Last week I did a Oaxacan mole pizza: http://chowhound.chow.com/topics/736070 See my final post, at the bottom, for the pie I finally wound up making (it was great!).
This week, I'm thinking huitlacoche. Problem is, while I've eaten a ton of the stuff, I've never cooked with it, never bought it, know nothing about it except that it's corn smutty goodness.
Mexicans ONLY use it in quesadillas. Would it be a mistake to put it on a pizza (i.e. high heat for relatively long period)? Do I just buy it in a jar and spoon it on? Are there moisture or dryness issues?
Also, where do you buy the stuff, anyway?
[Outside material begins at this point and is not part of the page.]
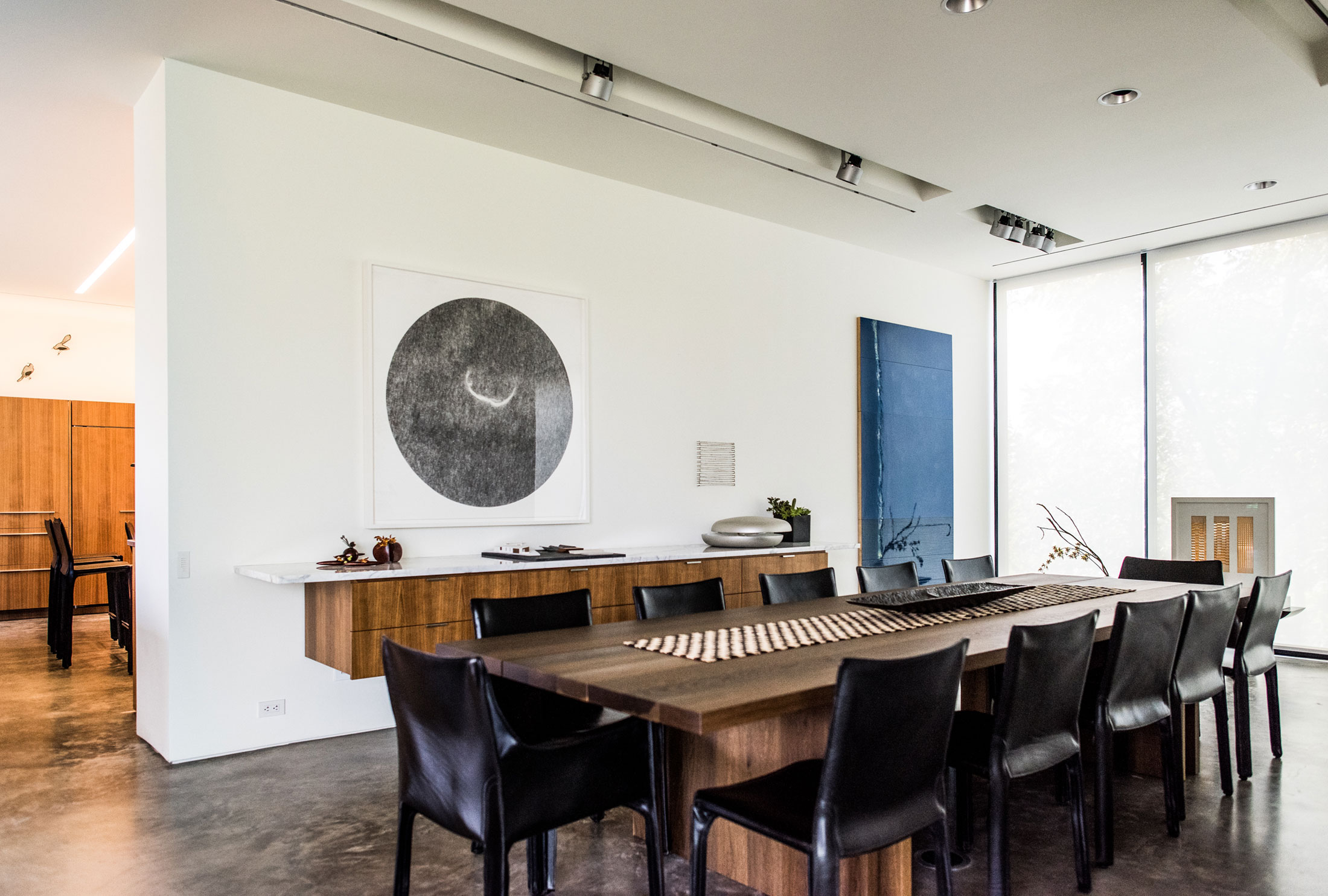 A Moody Contemporary Home with Exquisite Atmosphere in Texas by Joshua Rice Design & Tod Williams Billie Tsien Architects (9)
Is there a good brand?
I should note, as I did last week, that the pizza will be made with conventional dough in a conventional professional pizza oven (inside a pizzeria, in fact).
I enjoyed fresh huitlacoche mostly in enchiladas and casseroles when I lived in D.F.
One of few fresh-frozen stateside growers is Roy Burns in Groveland, FL. 352-429-4048. He is quite a character if you catch him when he is not in the fields. He sells 10 lb. minimum orders for $16/lb. plus shipping, mostly to restaurant suppliers. The nearest to you is Balder Specialty foods in the Bronx, 718-304-4521.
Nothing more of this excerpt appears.